It was supposed to go beautifully. Every detail had been considered. The reading was thought provoking, a perfectly aligned video clip was paused and ready, and well-crafted questions were asked. The only problem was that the students failed to realize how amazing the lesson was.
Regardless of discipline, every experienced teacher knows the sad blank feeling that accompanies the beautifully conceptualized lesson going down the toilet. After hours of planning, we are sometimes met with blank stares, furtive glances at cell phones, and (hopefully) stifled yawns. It’s much like the sinking feeling you might feel if you spent days preparing for a party and none of the guests came.
I’d like to report that I have had an epiphany and figured out a sure fire strategy that insured this would never happen again, but that would be complete nonsense. Part of what makes teaching so exciting is the ability to try new approaches. With the new comes risk.

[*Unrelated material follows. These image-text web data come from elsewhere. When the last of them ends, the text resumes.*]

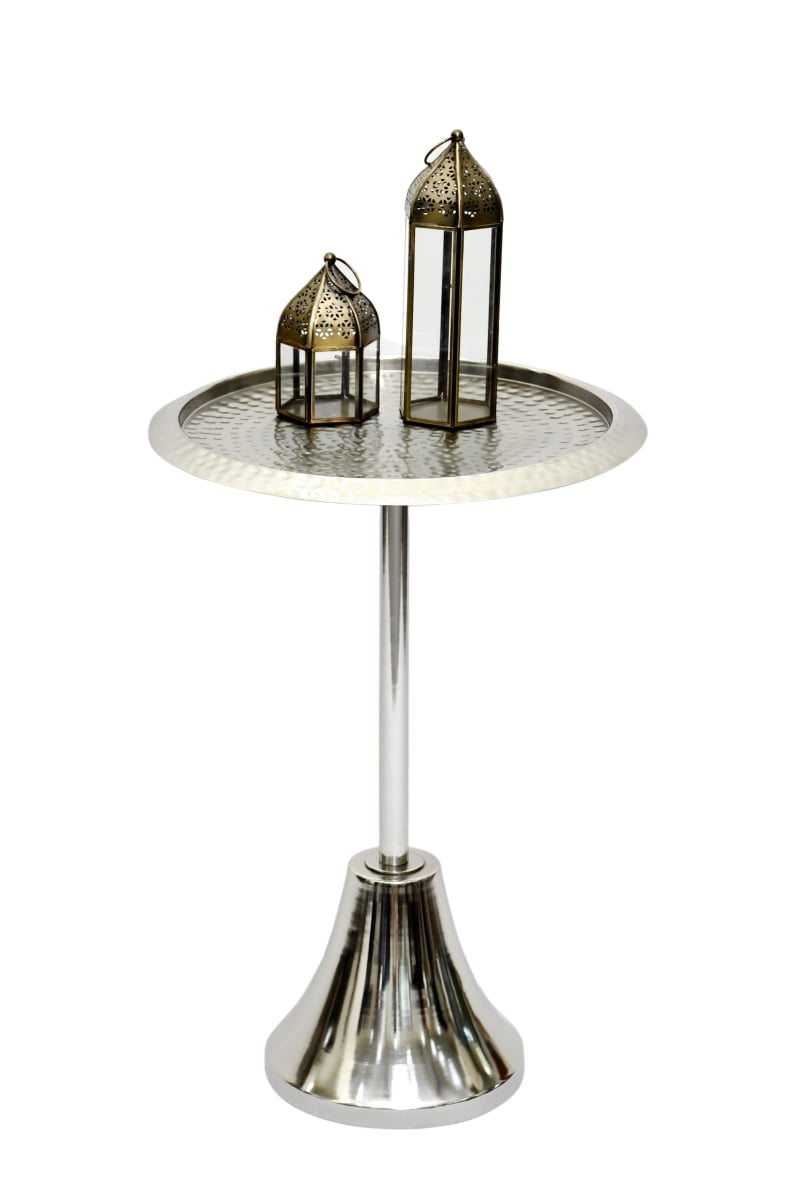 -DT-05 Marlo Metal Silver Side/Drink Table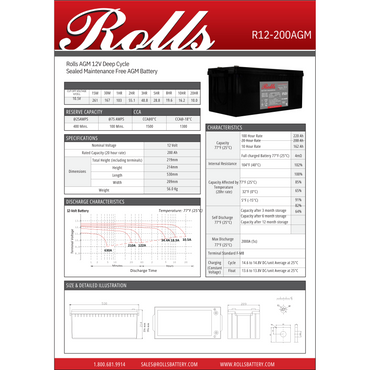 R12-200AGM rolls surrette r12-200agm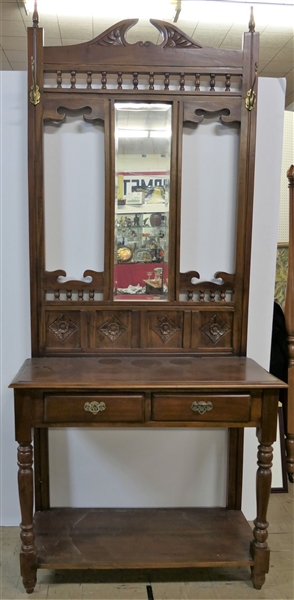 Mahogany Hall Mirror with Coat Hooks and 2 Drawers - Measures 81" tall 36" by 15" 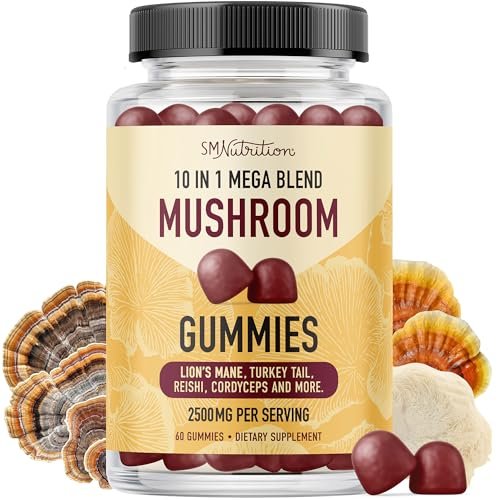 SMNutrition Pilz-Gummis für Erwachsene | Mit Löwenmähne, Truthahnschwanz, Reishi, Cordyceps, Chaga & Maitake | Unterstützt kognitive Funktion & Immunsystem | Himbeergeschmack | 60 Stück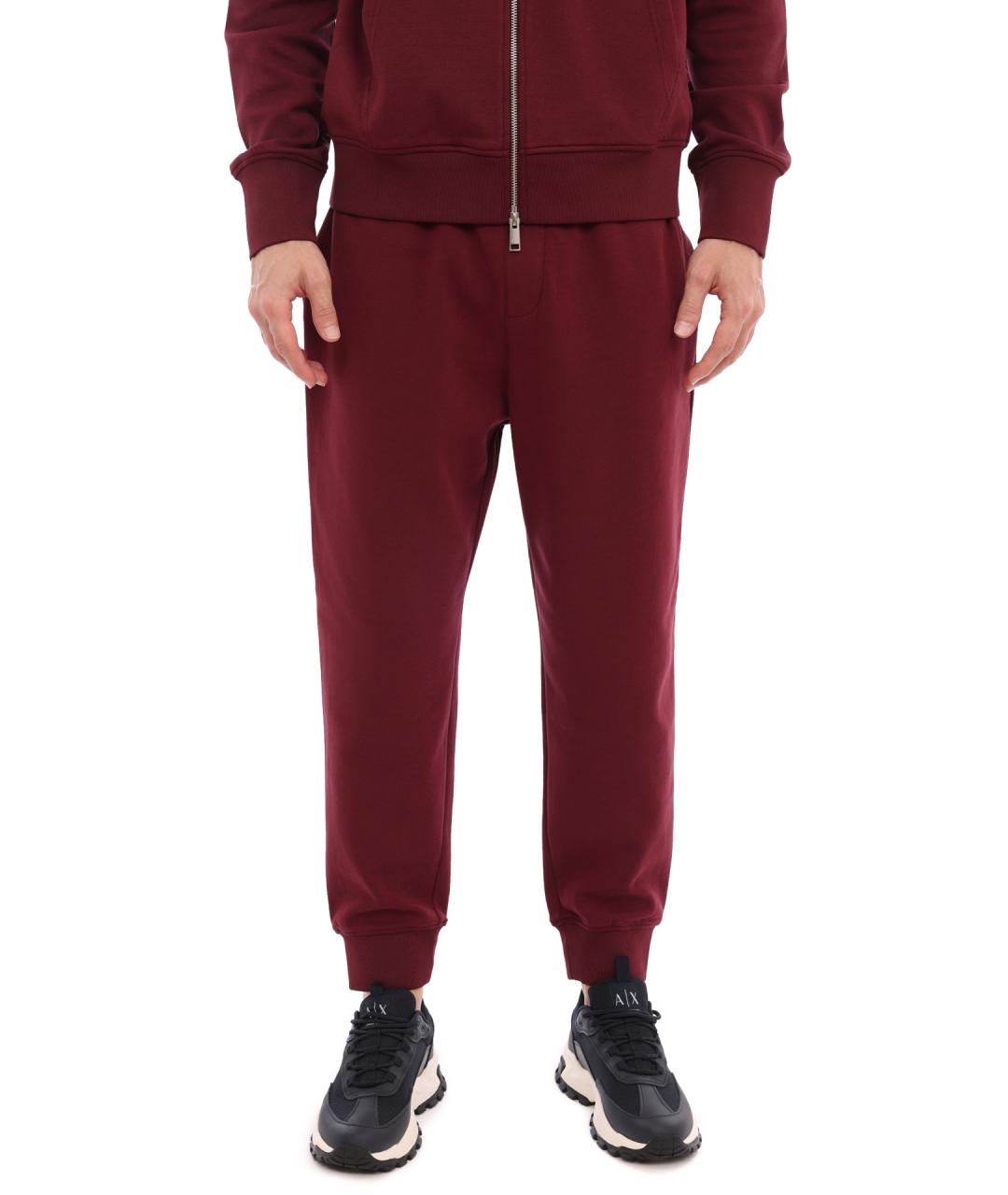 ARMANI EXCHANGE Бордовые хлопковые повседневные брюки, фото 2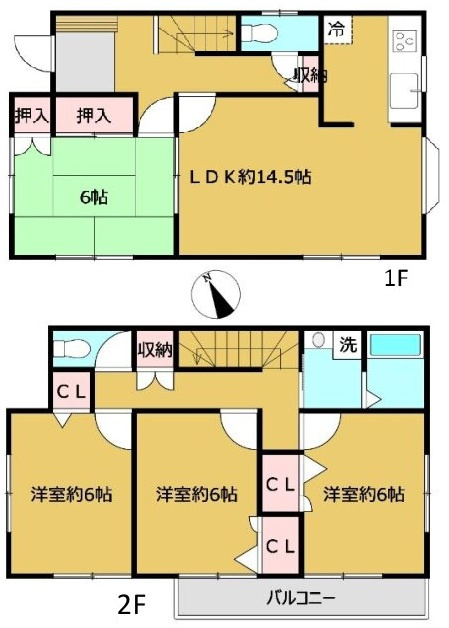 中古戸建て　あきる野市草花の間取り|間取図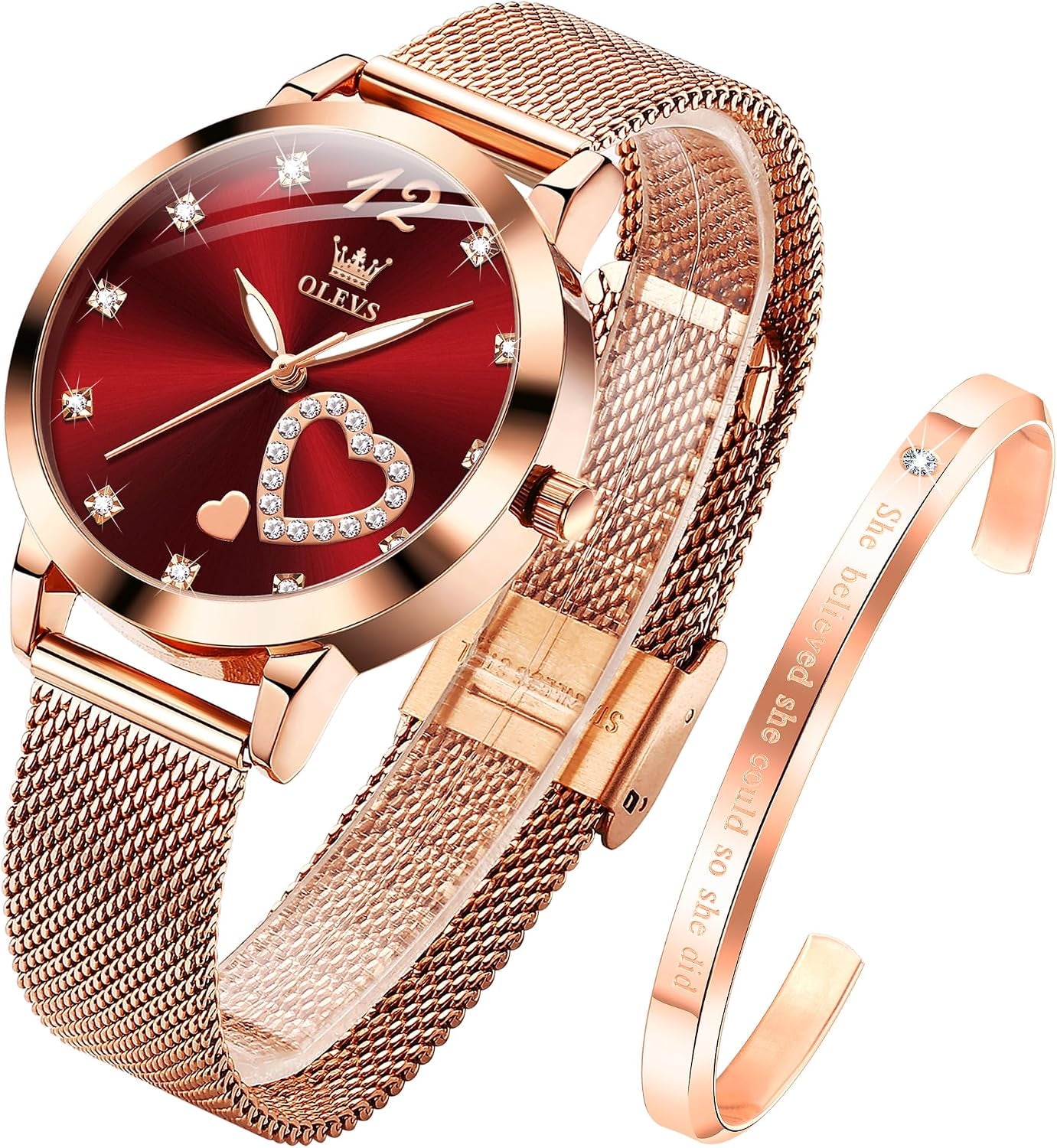 Womens Watch Gift Set Avec Bracelet Rose Gold Ladies Minimaliste Minimaliste Slim Robe Décontractée Analogique Montre À Quartz Imperméable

What I have learned is that adaptability and focus on student need is the primary method of righting the ship. It’s only when we cling to our version of how things should have gone that we condemn the lesson to failure. I now know the warning signs of a lesson barreling off course, so I fight my first instinct, which is to stick to the plan and pray for the end of the period. Rather, I now collect myself, quietly and quickly mourn the lesson that was not to be, and redirect my attention back to the reality of the situation. It sounds so simple and obvious, but it has taken me a shamefully long time to recognize that I can only chart the course when am sensitive to the climate of the room.